### Aim of the exercise:
Restate the records underneath, keeping each one exactly the same.

··· Records provided

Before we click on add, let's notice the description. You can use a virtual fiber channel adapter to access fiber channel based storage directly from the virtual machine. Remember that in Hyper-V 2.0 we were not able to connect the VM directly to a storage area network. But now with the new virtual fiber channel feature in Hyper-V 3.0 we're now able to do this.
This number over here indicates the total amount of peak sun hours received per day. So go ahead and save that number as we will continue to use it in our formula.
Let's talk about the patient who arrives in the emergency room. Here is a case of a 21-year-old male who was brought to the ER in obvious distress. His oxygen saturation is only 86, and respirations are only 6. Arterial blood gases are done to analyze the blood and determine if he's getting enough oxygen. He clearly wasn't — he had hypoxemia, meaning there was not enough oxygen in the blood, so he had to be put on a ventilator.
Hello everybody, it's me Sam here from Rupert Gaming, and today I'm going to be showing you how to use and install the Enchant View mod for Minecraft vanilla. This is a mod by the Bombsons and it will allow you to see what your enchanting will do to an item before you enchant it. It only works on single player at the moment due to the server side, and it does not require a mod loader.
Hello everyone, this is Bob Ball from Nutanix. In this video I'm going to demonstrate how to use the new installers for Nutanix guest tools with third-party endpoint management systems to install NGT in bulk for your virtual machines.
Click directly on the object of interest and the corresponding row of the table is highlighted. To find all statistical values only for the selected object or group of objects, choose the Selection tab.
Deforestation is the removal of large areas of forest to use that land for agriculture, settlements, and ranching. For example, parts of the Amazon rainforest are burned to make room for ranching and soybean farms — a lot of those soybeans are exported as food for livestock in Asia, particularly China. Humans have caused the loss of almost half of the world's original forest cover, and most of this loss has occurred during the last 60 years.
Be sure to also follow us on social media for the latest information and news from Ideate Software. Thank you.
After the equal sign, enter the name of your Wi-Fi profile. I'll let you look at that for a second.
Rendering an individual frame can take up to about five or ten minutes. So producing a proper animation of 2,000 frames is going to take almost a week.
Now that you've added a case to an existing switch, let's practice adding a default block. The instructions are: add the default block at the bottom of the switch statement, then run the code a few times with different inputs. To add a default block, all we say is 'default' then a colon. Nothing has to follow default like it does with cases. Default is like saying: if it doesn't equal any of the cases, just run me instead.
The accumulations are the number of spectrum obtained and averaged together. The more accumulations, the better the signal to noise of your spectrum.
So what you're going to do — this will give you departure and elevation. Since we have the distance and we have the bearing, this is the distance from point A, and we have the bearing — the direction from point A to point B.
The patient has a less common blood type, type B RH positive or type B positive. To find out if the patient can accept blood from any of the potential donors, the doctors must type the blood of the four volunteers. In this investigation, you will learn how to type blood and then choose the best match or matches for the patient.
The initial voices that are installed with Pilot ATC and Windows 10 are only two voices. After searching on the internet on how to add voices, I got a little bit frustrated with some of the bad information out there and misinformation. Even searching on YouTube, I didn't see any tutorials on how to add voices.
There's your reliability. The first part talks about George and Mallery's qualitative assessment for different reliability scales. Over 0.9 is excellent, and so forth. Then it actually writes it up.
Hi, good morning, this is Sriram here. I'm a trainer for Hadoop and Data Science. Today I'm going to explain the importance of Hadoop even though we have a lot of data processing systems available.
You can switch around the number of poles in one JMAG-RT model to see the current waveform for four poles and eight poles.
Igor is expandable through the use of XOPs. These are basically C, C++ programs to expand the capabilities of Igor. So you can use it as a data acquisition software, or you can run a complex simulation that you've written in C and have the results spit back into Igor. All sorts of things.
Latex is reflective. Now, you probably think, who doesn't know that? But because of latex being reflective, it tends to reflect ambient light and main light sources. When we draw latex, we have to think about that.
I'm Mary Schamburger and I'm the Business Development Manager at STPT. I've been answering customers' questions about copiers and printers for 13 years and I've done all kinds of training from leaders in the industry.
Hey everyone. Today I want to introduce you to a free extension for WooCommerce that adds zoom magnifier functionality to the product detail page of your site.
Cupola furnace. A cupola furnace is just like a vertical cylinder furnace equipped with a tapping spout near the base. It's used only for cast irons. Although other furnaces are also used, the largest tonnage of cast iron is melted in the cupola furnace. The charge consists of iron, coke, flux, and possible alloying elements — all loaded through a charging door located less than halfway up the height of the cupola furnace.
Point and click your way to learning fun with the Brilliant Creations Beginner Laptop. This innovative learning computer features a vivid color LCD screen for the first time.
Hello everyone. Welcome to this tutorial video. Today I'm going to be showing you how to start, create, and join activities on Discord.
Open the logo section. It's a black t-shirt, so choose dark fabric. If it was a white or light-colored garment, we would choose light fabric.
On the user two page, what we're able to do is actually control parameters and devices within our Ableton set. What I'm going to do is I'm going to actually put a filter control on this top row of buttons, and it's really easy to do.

······

### Output:
Before we click on add, let's notice the description. You can use a virtual fiber channel adapter to access fiber channel based storage directly from the virtual machine. Remember that in Hyper-V 2.0 we were not able to connect the VM directly to a storage area network. But now with the new virtual fiber channel feature in Hyper-V 3.0 we're now able to do this.
This number over here indicates the total amount of peak sun hours received per day. So go ahead and save that number as we will continue to use it in our formula.
Let's talk about the patient who arrives in the emergency room. Here is a case of a 21-year-old male who was brought to the ER in obvious distress. His oxygen saturation is only 86, and respirations are only 6. Arterial blood gases are done to analyze the blood and determine if he's getting enough oxygen. He clearly wasn't — he had hypoxemia, meaning there was not enough oxygen in the blood, so he had to be put on a ventilator.
Hello everybody, it's me Sam here from Rupert Gaming, and today I'm going to be showing you how to use and install the Enchant View mod for Minecraft vanilla. This is a mod by the Bombsons and it will allow you to see what your enchanting will do to an item before you enchant it. It only works on single player at the moment due to the server side, and it does not require a mod loader.
Hello everyone, this is Bob Ball from Nutanix. In this video I'm going to demonstrate how to use the new installers for Nutanix guest tools with third-party endpoint management systems to install NGT in bulk for your virtual machines.
Click directly on the object of interest and the corresponding row of the table is highlighted. To find all statistical values only for the selected object or group of objects, choose the Selection tab.
Deforestation is the removal of large areas of forest to use that land for agriculture, settlements, and ranching. For example, parts of the Amazon rainforest are burned to make room for ranching and soybean farms — a lot of those soybeans are exported as food for livestock in Asia, particularly China. Humans have caused the loss of almost half of the world's original forest cover, and most of this loss has occurred during the last 60 years.
Be sure to also follow us on social media for the latest information and news from Ideate Software. Thank you.
After the equal sign, enter the name of your Wi-Fi profile. I'll let you look at that for a second.
Rendering an individual frame can take up to about five or ten minutes. So producing a proper animation of 2,000 frames is going to take almost a week.
Now that you've added a case to an existing switch, let's practice adding a default block. The instructions are: add the default block at the bottom of the switch statement, then run the code a few times with different inputs. To add a default block, all we say is 'default' then a colon. Nothing has to follow default like it does with cases. Default is like saying: if it doesn't equal any of the cases, just run me instead.
The accumulations are the number of spectrum obtained and averaged together. The more accumulations, the better the signal to noise of your spectrum.
So what you're going to do — this will give you departure and elevation. Since we have the distance and we have the bearing, this is the distance from point A, and we have the bearing — the direction from point A to point B.
The patient has a less common blood type, type B RH positive or type B positive. To find out if the patient can accept blood from any of the potential donors, the doctors must type the blood of the four volunteers. In this investigation, you will learn how to type blood and then choose the best match or matches for the patient.
The initial voices that are installed with Pilot ATC and Windows 10 are only two voices. After searching on the internet on how to add voices, I got a little bit frustrated with some of the bad information out there and misinformation. Even searching on YouTube, I didn't see any tutorials on how to add voices.
There's your reliability. The first part talks about George and Mallery's qualitative assessment for different reliability scales. Over 0.9 is excellent, and so forth. Then it actually writes it up.
Hi, good morning, this is Sriram here. I'm a trainer for Hadoop and Data Science. Today I'm going to explain the importance of Hadoop even though we have a lot of data processing systems available.
You can switch around the number of poles in one JMAG-RT model to see the current waveform for four poles and eight poles.
Igor is expandable through the use of XOPs. These are basically C, C++ programs to expand the capabilities of Igor. So you can use it as a data acquisition software, or you can run a complex simulation that you've written in C and have the results spit back into Igor. All sorts of things.
Latex is reflective. Now, you probably think, who doesn't know that? But because of latex being reflective, it tends to reflect ambient light and main light sources. When we draw latex, we have to think about that.
I'm Mary Schamburger and I'm the Business Development Manager at STPT. I've been answering customers' questions about copiers and printers for 13 years and I've done all kinds of training from leaders in the industry.
Hey everyone. Today I want to introduce you to a free extension for WooCommerce that adds zoom magnifier functionality to the product detail page of your site.
Cupola furnace. A cupola furnace is just like a vertical cylinder furnace equipped with a tapping spout near the base. It's used only for cast irons. Although other furnaces are also used, the largest tonnage of cast iron is melted in the cupola furnace. The charge consists of iron, coke, flux, and possible alloying elements — all loaded through a charging door located less than halfway up the height of the cupola furnace.
Point and click your way to learning fun with the Brilliant Creations Beginner Laptop. This innovative learning computer features a vivid color LCD screen for the first time.
Hello everyone. Welcome to this tutorial video. Today I'm going to be showing you how to start, create, and join activities on Discord.
Open the logo section. It's a black t-shirt, so choose dark fabric. If it was a white or light-colored garment, we would choose light fabric.
On the user two page, what we're able to do is actually control parameters and devices within our Ableton set. What I'm going to do is I'm going to actually put a filter control on this top row of buttons, and it's really easy to do.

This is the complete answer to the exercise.